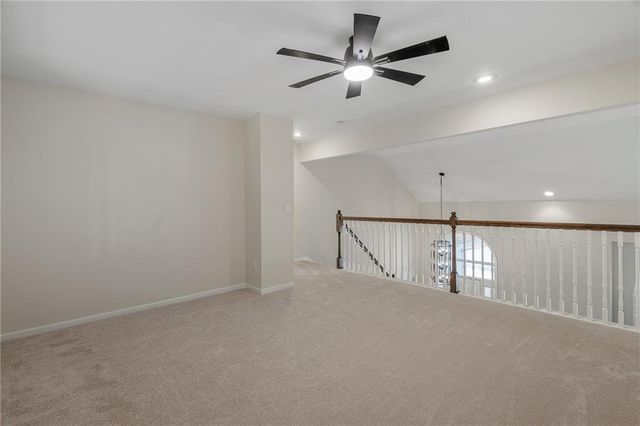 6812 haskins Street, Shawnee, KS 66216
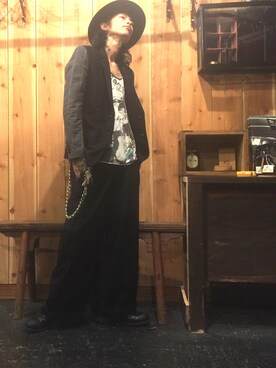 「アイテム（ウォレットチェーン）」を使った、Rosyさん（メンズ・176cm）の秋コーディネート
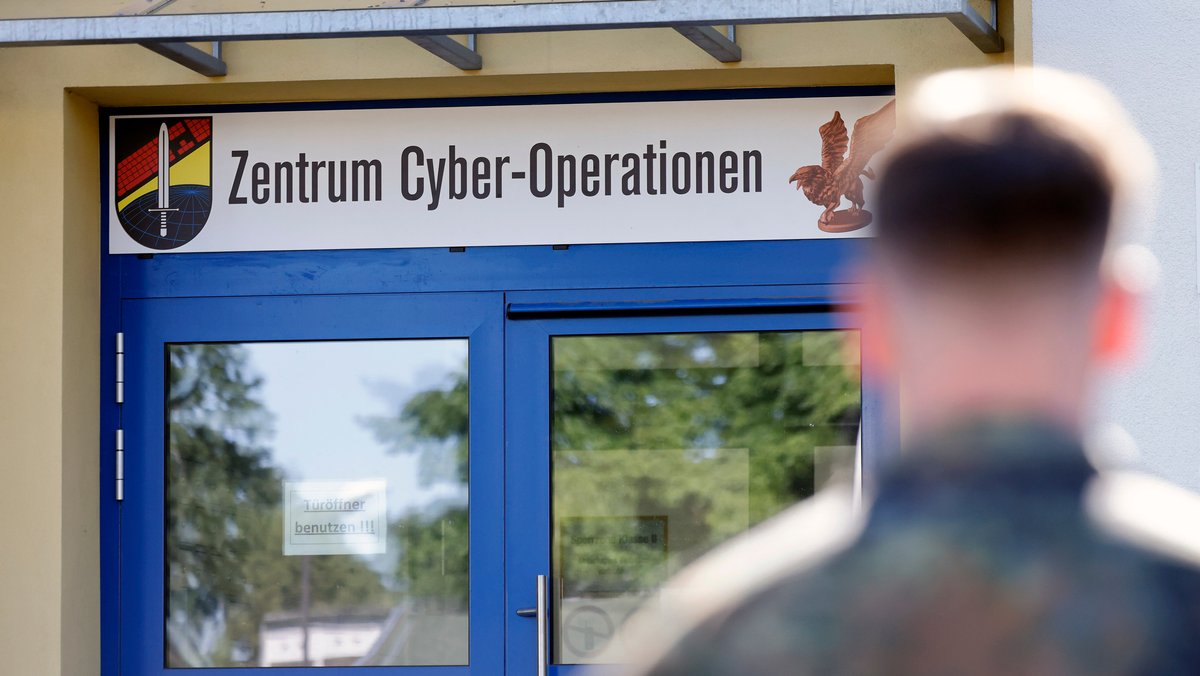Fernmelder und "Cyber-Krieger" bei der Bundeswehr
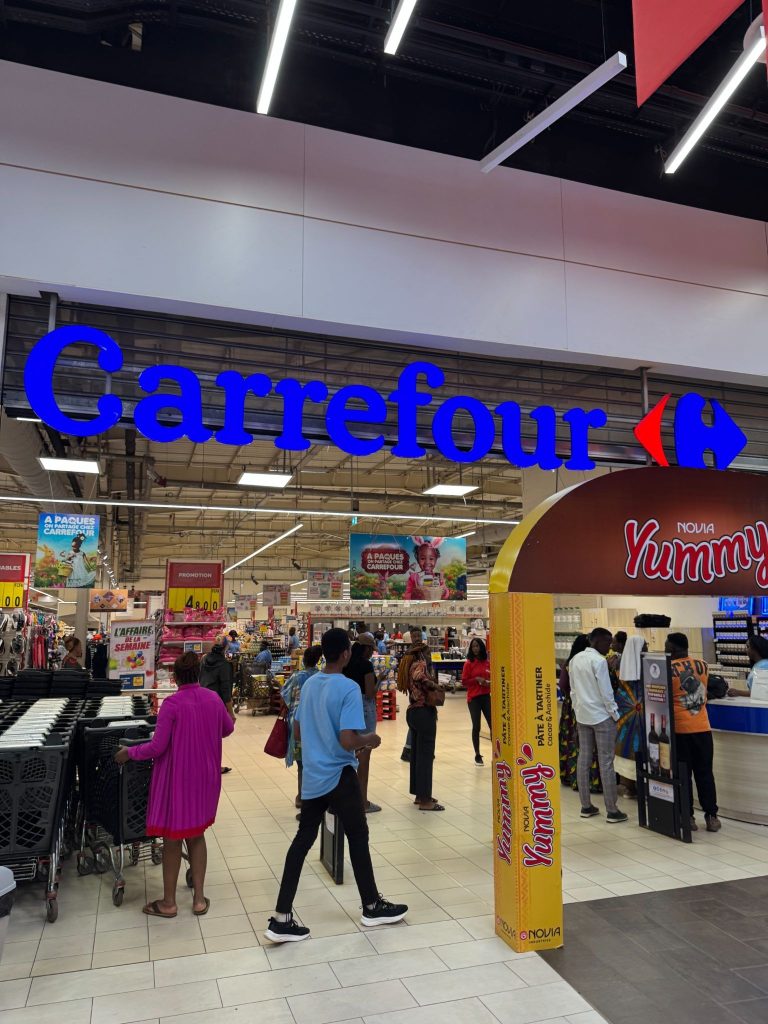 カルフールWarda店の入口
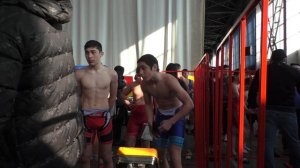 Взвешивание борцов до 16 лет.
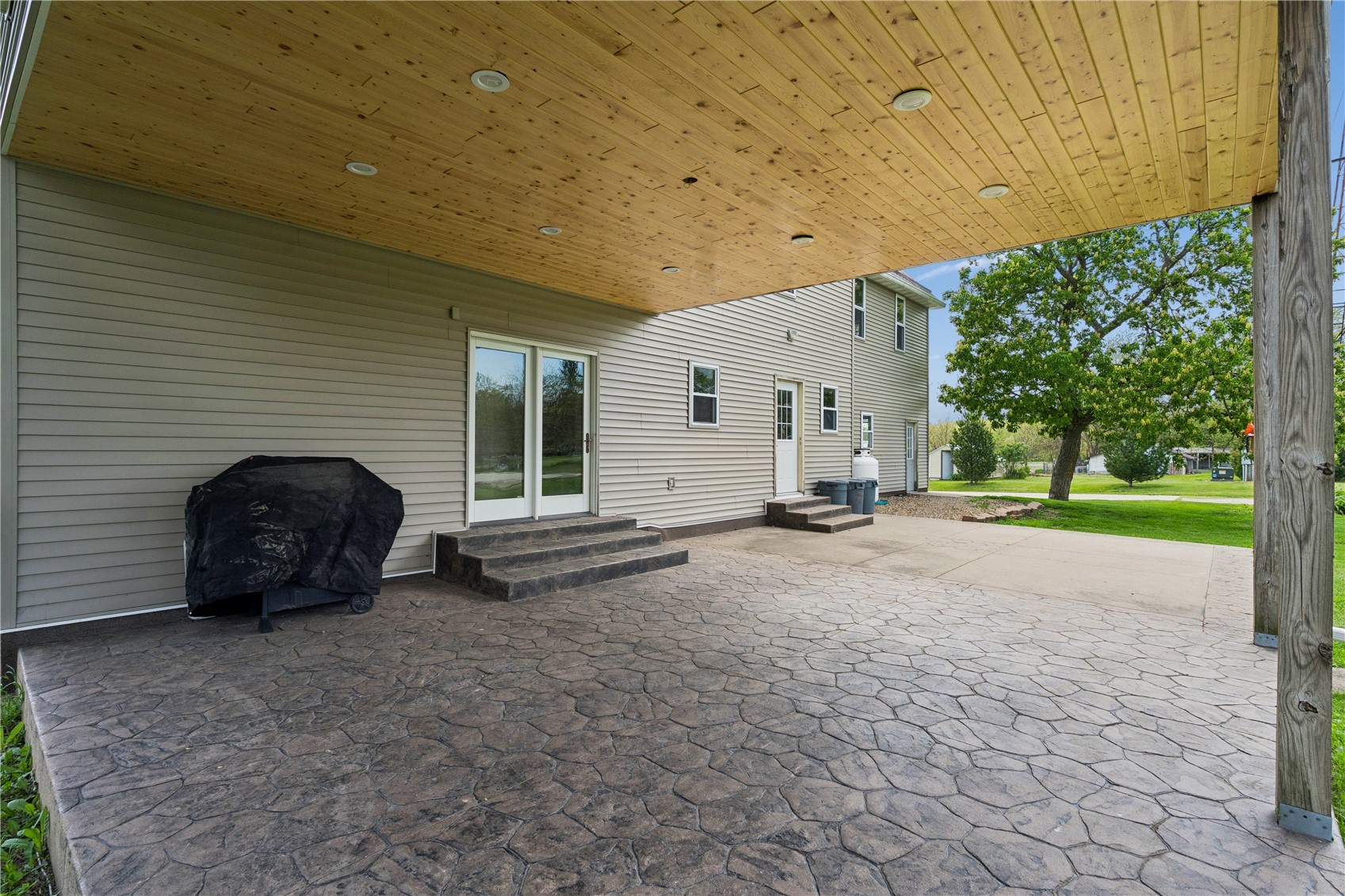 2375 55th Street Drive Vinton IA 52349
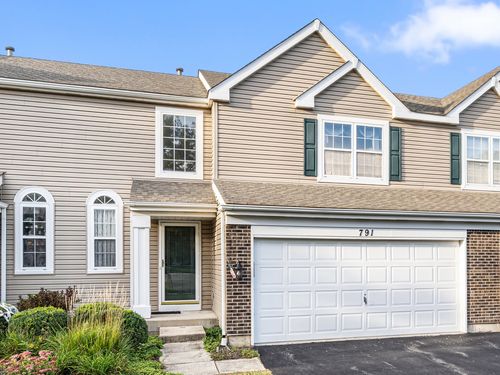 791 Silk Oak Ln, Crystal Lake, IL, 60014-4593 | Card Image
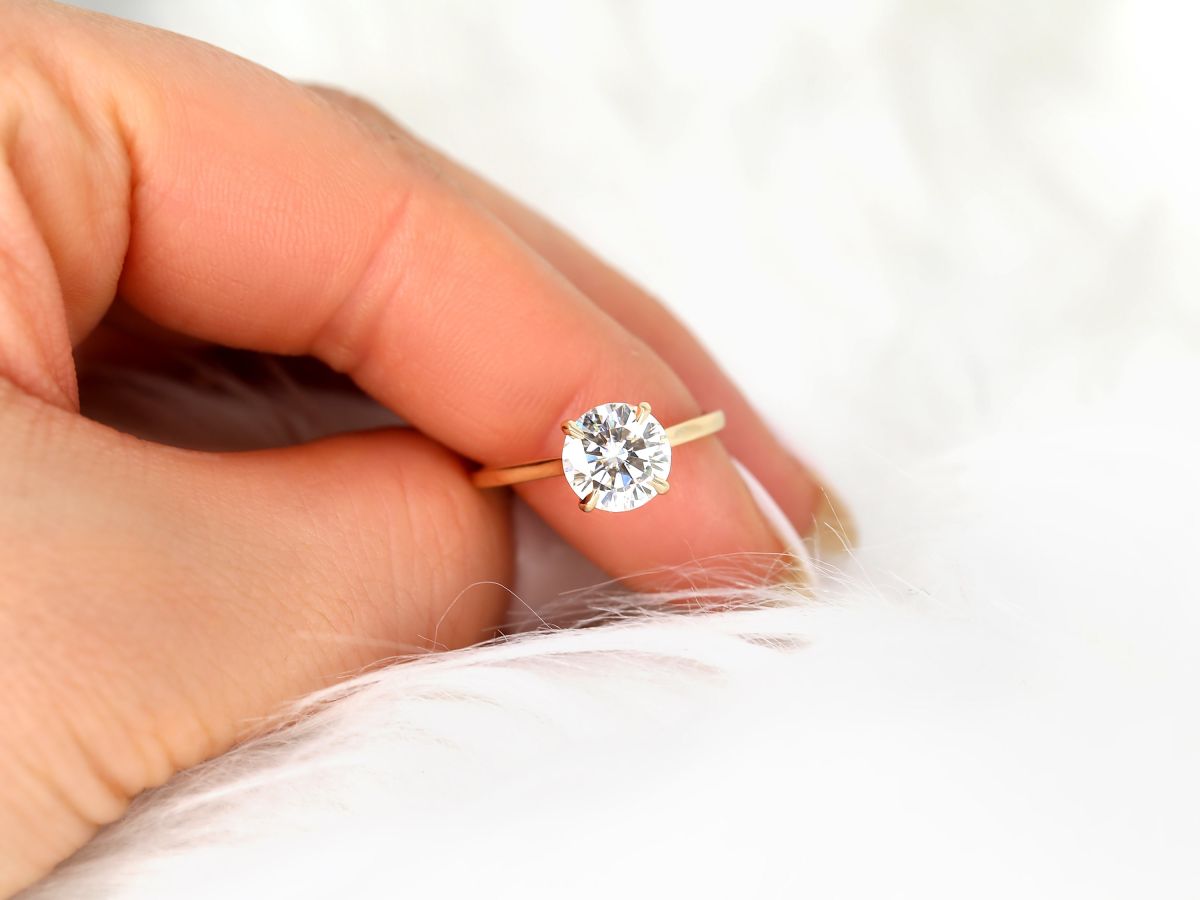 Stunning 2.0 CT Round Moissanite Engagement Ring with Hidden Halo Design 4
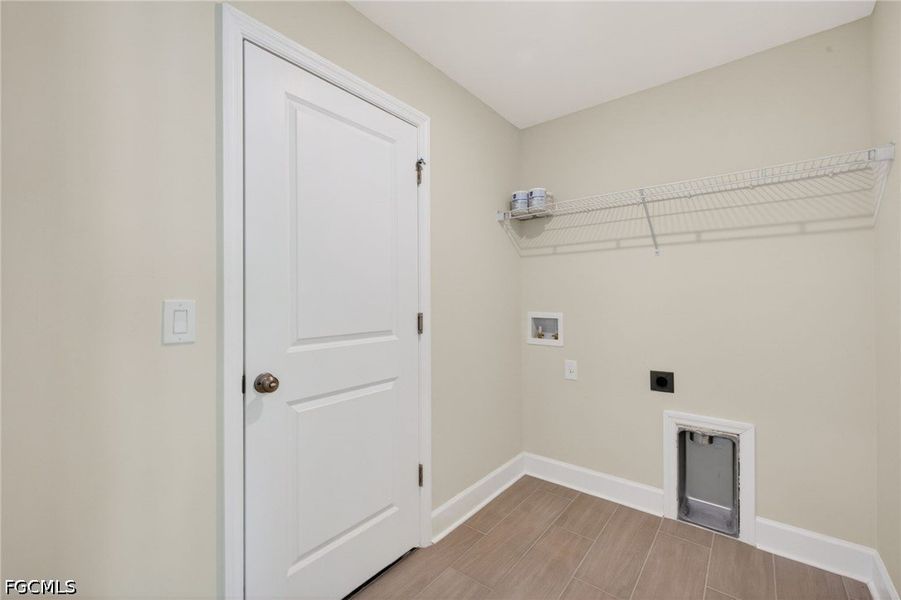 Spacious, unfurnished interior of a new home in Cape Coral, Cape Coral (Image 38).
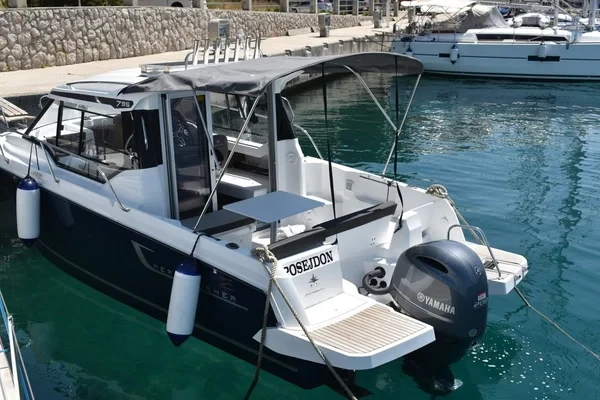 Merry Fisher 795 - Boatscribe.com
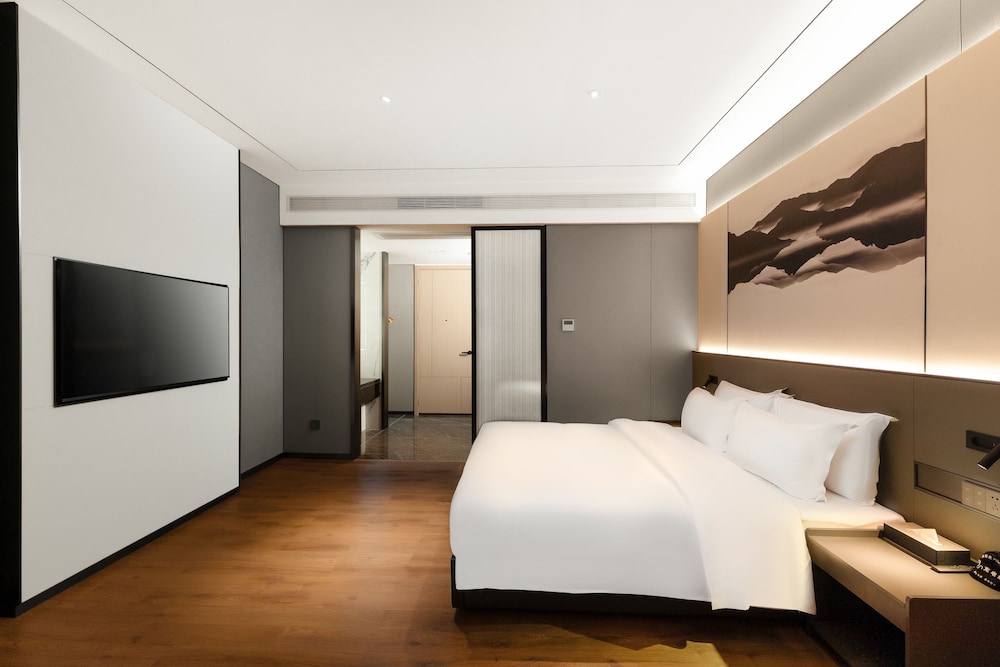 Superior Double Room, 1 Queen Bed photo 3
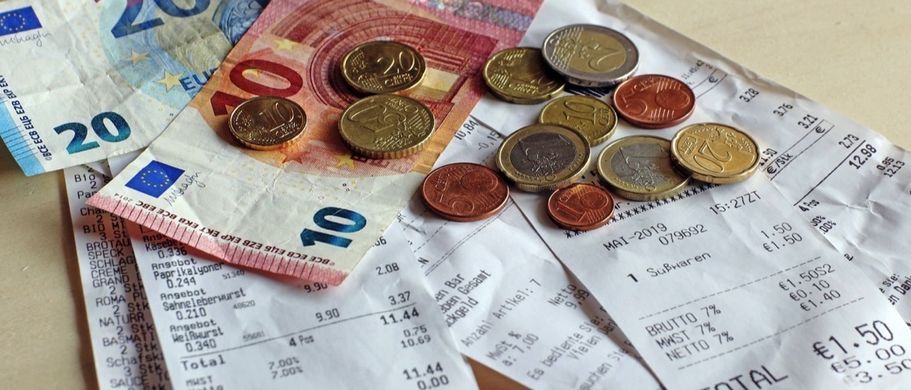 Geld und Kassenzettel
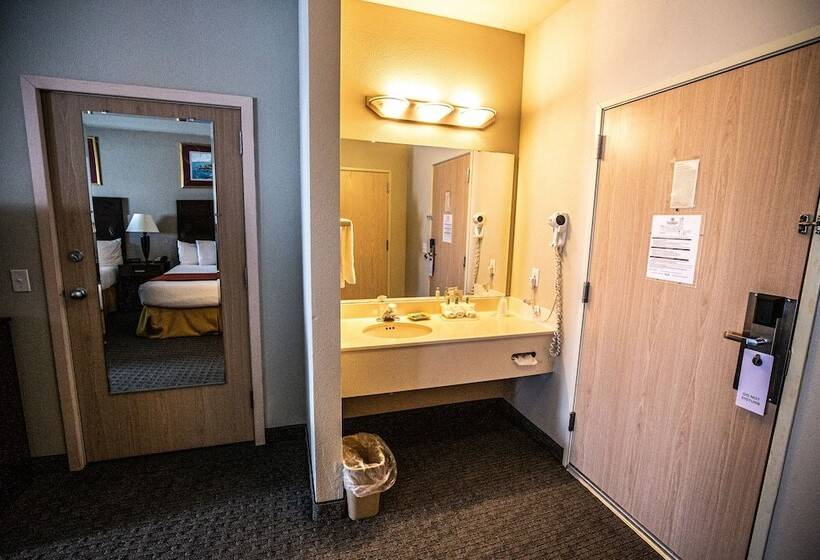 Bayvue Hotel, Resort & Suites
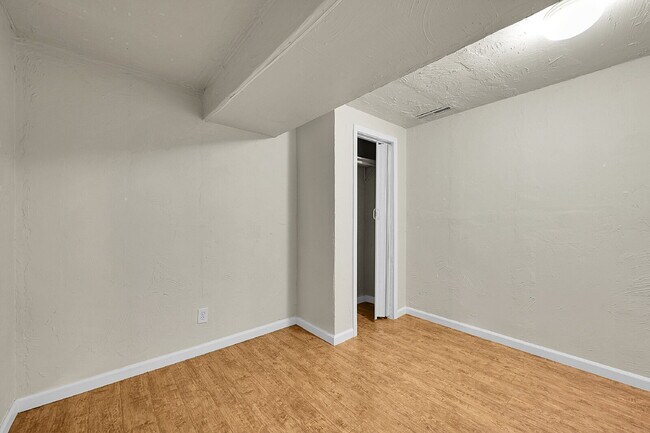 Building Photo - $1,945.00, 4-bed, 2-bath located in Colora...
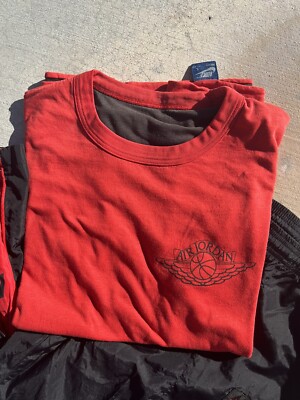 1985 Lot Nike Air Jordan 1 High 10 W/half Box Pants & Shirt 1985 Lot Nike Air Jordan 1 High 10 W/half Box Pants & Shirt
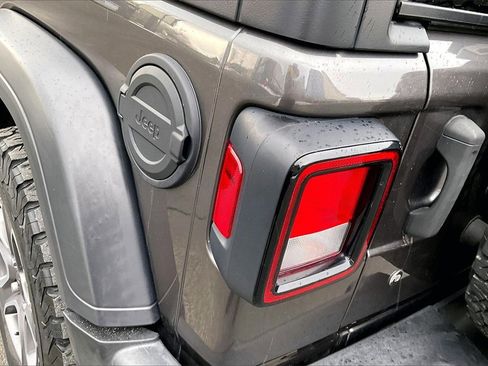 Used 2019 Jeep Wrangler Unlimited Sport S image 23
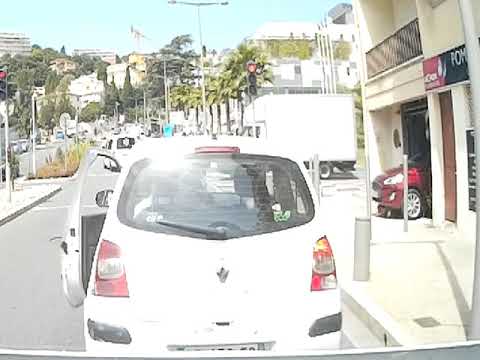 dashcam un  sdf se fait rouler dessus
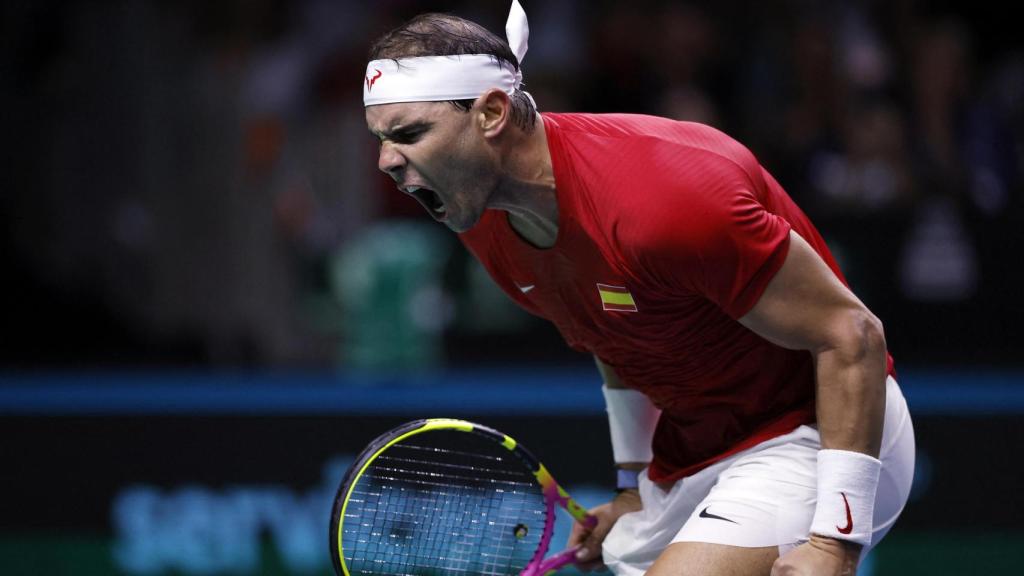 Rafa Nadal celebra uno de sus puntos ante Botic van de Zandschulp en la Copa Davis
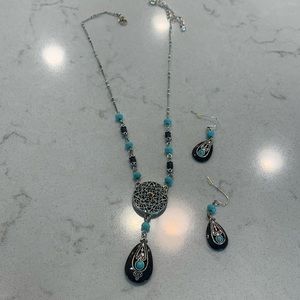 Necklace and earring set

------------------------------------------------

*What is needed*:
Transcribe the whole listing, character for character, but not its images.

*Result of this task*:
 6812 haskins Street, Shawnee, KS 66216
 「アイテム（ウォレットチェーン）」を使った、Rosyさん（メンズ・176cm）の秋コーディネート
Fernmelder und "Cyber-Krieger" bei der Bundeswehr
 カルフールWarda店の入口
 Взвешивание борцов до 16 лет.
 2375 55th Street Drive Vinton IA 52349
 791 Silk Oak Ln, Crystal Lake, IL, 60014-4593 | Card Image
 Stunning 2.0 CT Round Moissanite Engagement Ring with Hidden Halo Design 4
 Spacious, unfurnished interior of a new home in Cape Coral, Cape Coral (Image 38).
 Merry Fisher 795 - Boatscribe.com
 Superior Double Room, 1 Queen Bed photo 3
 Geld und Kassenzettel
 Bayvue Hotel, Resort & Suites
 Building Photo - $1,945.00, 4-bed, 2-bath located in Colora...
 1985 Lot Nike Air Jordan 1 High 10 W/half Box Pants & Shirt 1985 Lot Nike Air Jordan 1 High 10 W/half Box Pants & Shirt
 Used 2019 Jeep Wrangler Unlimited Sport S image 23
 dashcam un  sdf se fait rouler dessus
 Rafa Nadal celebra uno de sus puntos ante Botic van de Zandschulp en la Copa Davis
 Necklace and earring set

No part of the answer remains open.